A debut novel from British TV writer Wassmer (More Than Just Coincidence, 2010) set in an English seacoast town where life would be perfect if it weren’t for the murders.
Now that Charlie, the son she’s raised without a husband, has left for Kent University in Canterbury, Pearl Nolan is restless. The Whitstable Pearl, the seafood restaurant she owns and operates, doesn’t come close to absorbing all her energy. So she returns to law enforcement—not as the police officer she was before Charlie arrived but as a private investigator. After sorting out Phillip Caffery’s missing dog and refusing Doug Stroud’s request to check up on Vincent Rowe, the fisherman Stroud has loaned money to to help reseed the shrinking oyster beds, she lands a doozy of a third case when she goes to Vinnie’s boat to warn him that Stroud is on the warpath and finds her longtime friend dead in the water, an anchor chain wrapped around his ankle. DCI Mike McGuire, recently transferred from the Met to the Canterbury CID, is far from convinced that Vinnie was murdered, but the death very shortly afterward of Stroud himself offers a powerful new argument.
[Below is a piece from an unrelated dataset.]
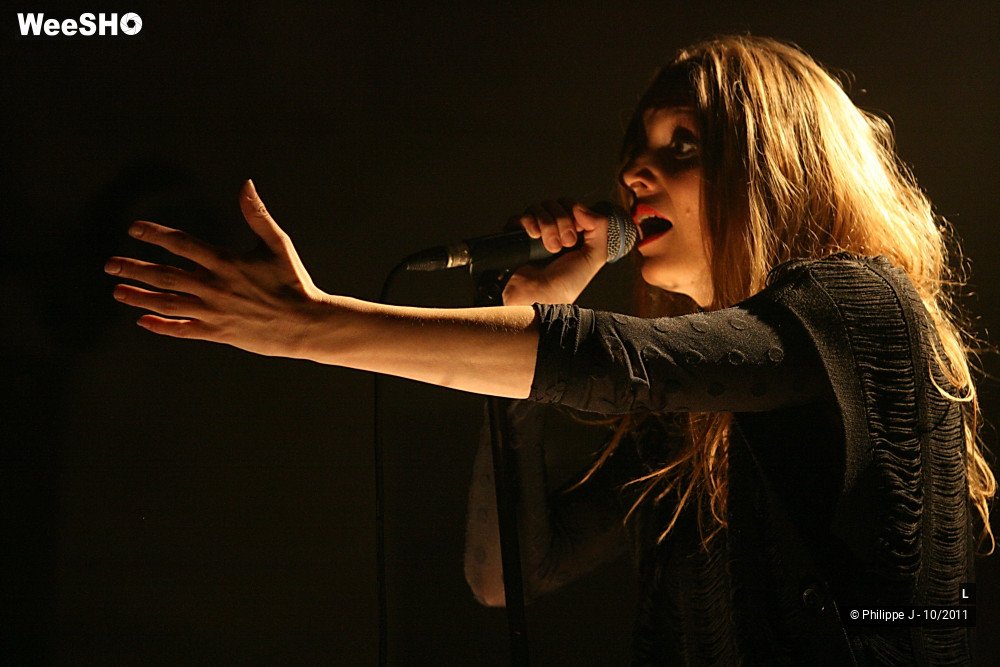 4/20 photos du spectacle L (Raphaële Lannadère)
As McGuire and Pearl debate how to parse the evidence, Pearl can’t help but notice that the conveniently widowed McGuire, who’s still grieving the fiancee he lost a year ago, is a most attractive figure of a man. Even taken together, the two don’t add up to much of a sleuthing team, and readers looking for the pleasures of an old-school whodunit are likely to find this one slow to get started and rushed at the end.
Wassmer’s main contributions to the familiar village murder-cum-not-quite-romance formula are a strong sense of atmosphere—the town is much more vivid than its individual inhabitants—and a keen eye for the places where everyday frictions between perfectly nice people shade off into something altogether darker. First of a series.